The problem:
Leave out any picture and return the remaining listing below exactly as given.
[Given information — start]
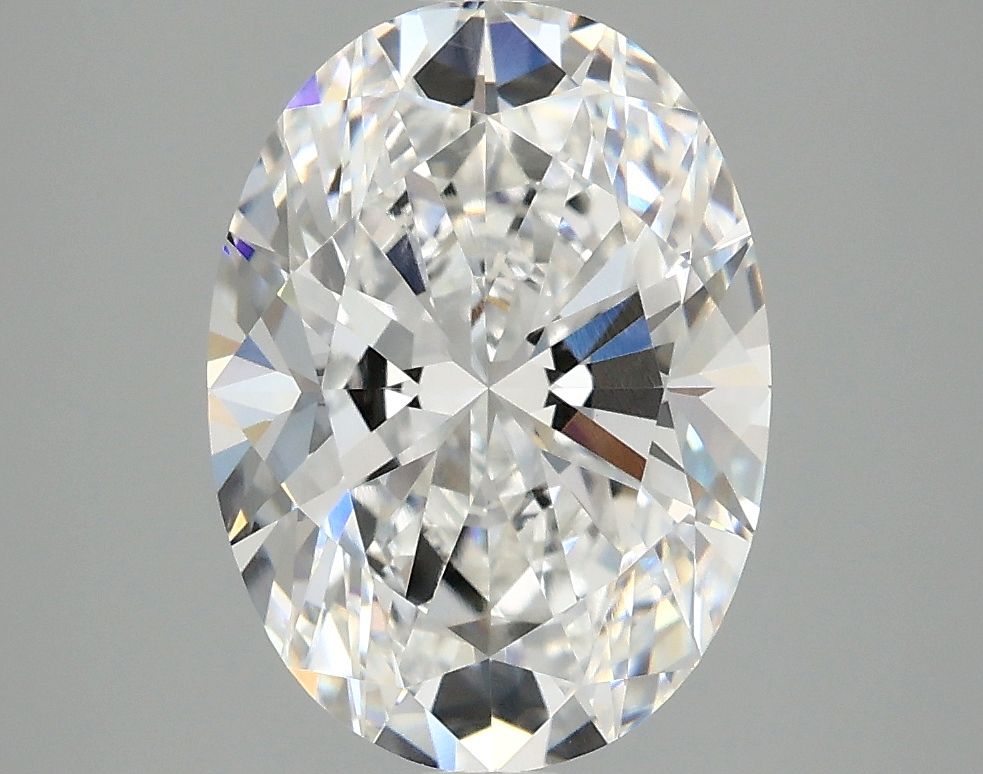 3.03 Carat E-VVS2 Oval Lab Diamond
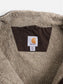 Lined Vest - Brown
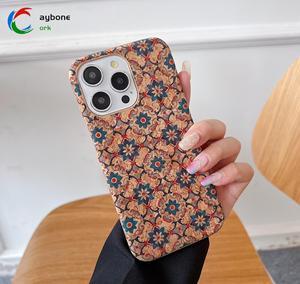 Raybone Écologique Personnalisé en Gros Recyclé Naturel <span class=keywords><strong>Bois</strong></span> Liège Téléphone Cas Vente à Chaud Mobile Téléphone Couverture Shell - Product Image 3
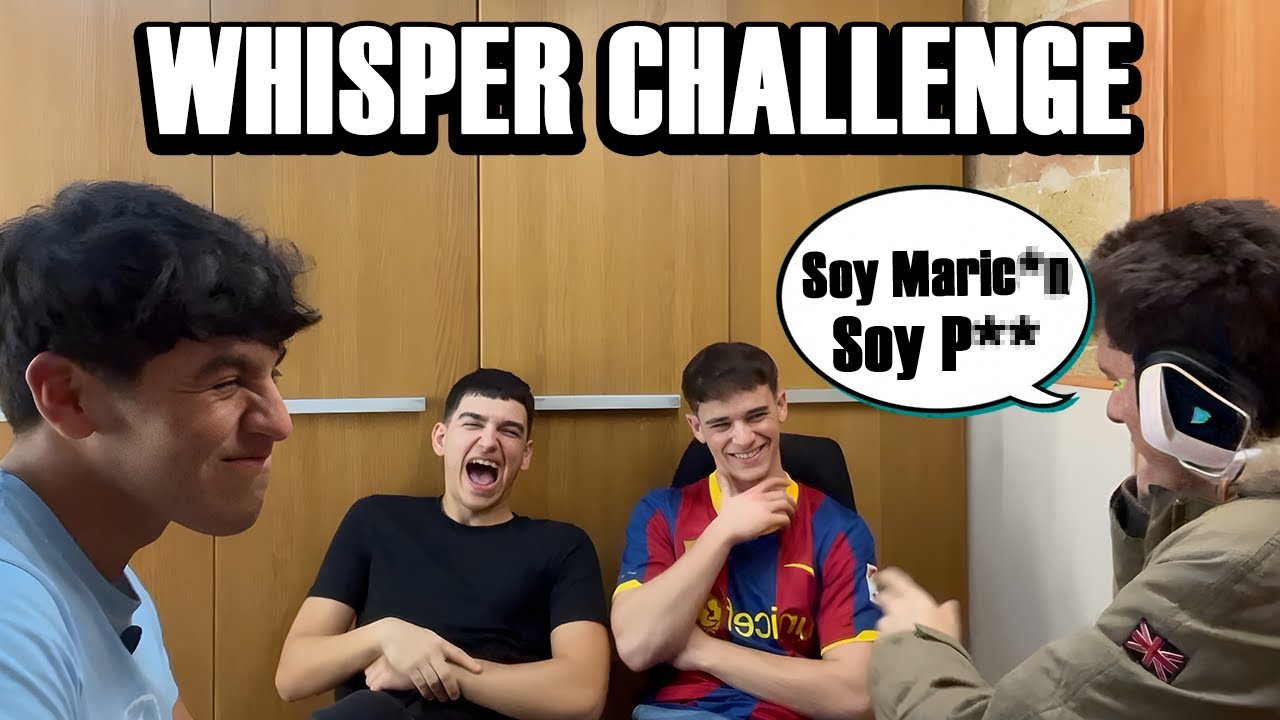 EL PEOR WHISPER CHALLENGE DE LA HISTORIA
[Given information — finish]
Exercise result:
 3.03 Carat E-VVS2 Oval Lab Diamond
 Lined Vest - Brown
 Raybone Écologique Personnalisé en Gros Recyclé Naturel <span class=keywords><strong>Bois</strong></span> Liège Téléphone Cas Vente à Chaud Mobile Téléphone Couverture Shell - Product Image 3
 EL PEOR WHISPER CHALLENGE DE LA HISTORIA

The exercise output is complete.